▶ **RECORDS PROVIDED**
■ ■ ■ ■ ■
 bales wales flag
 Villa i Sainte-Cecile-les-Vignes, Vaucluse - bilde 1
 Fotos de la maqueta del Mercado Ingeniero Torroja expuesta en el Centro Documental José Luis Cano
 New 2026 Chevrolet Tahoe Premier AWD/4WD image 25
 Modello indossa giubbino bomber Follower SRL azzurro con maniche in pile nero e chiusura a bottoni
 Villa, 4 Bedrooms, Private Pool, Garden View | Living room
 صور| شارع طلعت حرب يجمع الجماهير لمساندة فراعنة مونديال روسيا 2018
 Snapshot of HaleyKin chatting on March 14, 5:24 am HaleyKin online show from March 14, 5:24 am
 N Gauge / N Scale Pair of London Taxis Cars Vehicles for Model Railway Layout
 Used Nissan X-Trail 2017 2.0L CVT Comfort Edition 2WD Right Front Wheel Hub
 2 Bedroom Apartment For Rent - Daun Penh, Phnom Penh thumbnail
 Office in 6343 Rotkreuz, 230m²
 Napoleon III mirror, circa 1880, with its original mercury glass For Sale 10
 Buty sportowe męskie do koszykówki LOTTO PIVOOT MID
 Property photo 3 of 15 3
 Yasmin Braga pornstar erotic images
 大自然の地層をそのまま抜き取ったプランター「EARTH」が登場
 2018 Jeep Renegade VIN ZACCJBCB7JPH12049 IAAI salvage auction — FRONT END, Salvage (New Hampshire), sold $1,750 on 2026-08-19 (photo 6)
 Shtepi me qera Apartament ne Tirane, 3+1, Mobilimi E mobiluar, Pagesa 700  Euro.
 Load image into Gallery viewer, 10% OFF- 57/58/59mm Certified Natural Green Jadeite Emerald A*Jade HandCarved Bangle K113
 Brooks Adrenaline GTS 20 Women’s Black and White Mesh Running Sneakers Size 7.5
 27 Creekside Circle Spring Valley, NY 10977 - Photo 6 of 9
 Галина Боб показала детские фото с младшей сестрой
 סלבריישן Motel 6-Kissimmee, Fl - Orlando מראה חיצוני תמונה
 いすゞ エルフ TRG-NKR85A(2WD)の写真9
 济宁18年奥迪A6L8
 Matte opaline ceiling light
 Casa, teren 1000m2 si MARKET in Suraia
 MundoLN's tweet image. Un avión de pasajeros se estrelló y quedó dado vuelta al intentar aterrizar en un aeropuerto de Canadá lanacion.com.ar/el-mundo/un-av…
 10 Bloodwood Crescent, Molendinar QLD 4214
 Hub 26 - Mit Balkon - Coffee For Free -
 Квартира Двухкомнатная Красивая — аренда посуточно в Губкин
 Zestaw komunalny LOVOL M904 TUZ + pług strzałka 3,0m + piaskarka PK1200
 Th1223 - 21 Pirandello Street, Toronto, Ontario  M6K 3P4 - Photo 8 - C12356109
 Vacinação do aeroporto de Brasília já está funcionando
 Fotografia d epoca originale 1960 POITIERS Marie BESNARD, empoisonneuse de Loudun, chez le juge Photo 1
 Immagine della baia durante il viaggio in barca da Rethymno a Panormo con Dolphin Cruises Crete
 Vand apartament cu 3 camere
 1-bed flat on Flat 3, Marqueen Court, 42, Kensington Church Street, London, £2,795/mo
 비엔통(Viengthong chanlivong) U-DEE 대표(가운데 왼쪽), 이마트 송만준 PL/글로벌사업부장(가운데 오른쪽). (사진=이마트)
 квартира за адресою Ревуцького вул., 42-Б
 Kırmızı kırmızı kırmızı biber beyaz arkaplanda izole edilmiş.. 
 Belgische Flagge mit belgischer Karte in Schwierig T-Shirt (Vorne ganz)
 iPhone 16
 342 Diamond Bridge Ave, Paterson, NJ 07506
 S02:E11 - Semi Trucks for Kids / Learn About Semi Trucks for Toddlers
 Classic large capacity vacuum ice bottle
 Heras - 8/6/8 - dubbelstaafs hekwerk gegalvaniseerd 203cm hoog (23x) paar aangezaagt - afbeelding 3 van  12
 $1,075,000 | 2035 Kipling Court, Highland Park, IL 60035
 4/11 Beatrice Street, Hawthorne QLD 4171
■ ■ ■ ■ ■
▶ **WORK INSTRUCTIONS**
In the lines above, locate the string "London". Copy every line where it occurs.

▶ **EXERCISE OUTPUT**
 N Gauge / N Scale Pair of London Taxis Cars Vehicles for Model Railway Layout
 1-bed flat on Flat 3, Marqueen Court, 42, Kensington Church Street, London, £2,795/mo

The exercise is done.